Estimation for Wireless Communications: MIMO/OFDM Cellular and Sensor Networks. Instructor: Prof. Aditya K. Jagannatham, Department of Electrical Engineering, IIT Kanpur. Estimation theory provides a wide variety of tools and techniques which form the basis for several key applications in modern wireless communications and signal processing. Various signal processing procedures in communication systems such as channel estimation, equalization, synchronization etc., which are also employed in MIMO-OFDM based 3G/4G wireless systems, are based on fundamental concepts in estimation theory.
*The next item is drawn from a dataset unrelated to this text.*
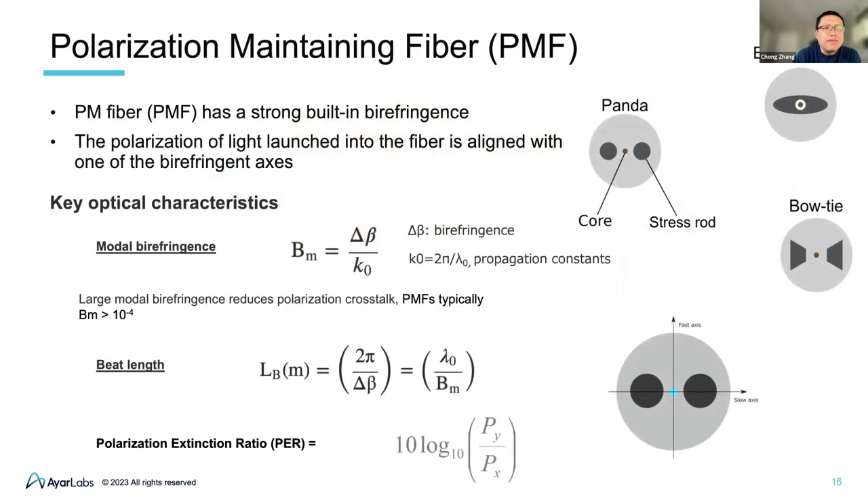Polarization-maintaining fiber has different flavors. The most popular is the Panda type, which has stress rods and a core. It uses birefringence to guide the polarization, ensuring the polarization state doesn't change over propagation of the light in the fiber. Those are the key optical characteristics.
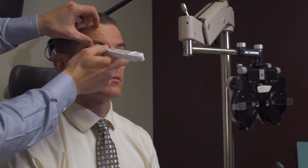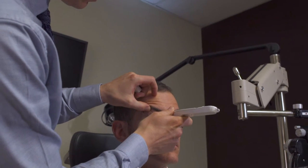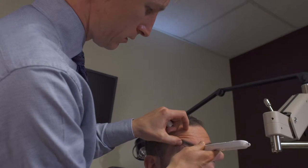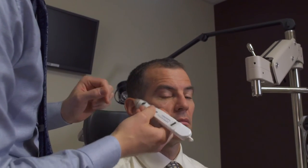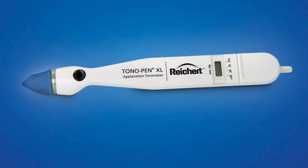Standing to the patient's side so you can directly visualize the Tonopen touching the patient's surface, lightly tapping gives auditory feedback and then gives the measured output and degree of error. We measure 13, which corresponds to his Goldman applanation of 14. The error bar in this case is at the 10% level, so I would consider repeating it to get down to 5%.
Further, recent research developments in areas such as wireless sensor networks also employ several tools from estimation theory towards distributed parameter estimation etc. Therefore, principles of estimation are naturally of a significant interest in research and industry. A clear grasp of the basic principles of estimation can significantly enhance understanding by providing deeper insights into various techniques in signal processing and communication. Beginning with a brief overview of the basic concepts of maximum likelihood (ML) and Least Squares Estimation (LS), this course will comprehensively cover several applications of estimation theory in wireless communications such as channel estimation, equalization, MIMO, OFDM. Further, we will also cover Bayesian Estimation, MMSE, LMMSE and illustrate applications in wireless sensor networks and other allied applications such as Radar. (from nptel.ac.in)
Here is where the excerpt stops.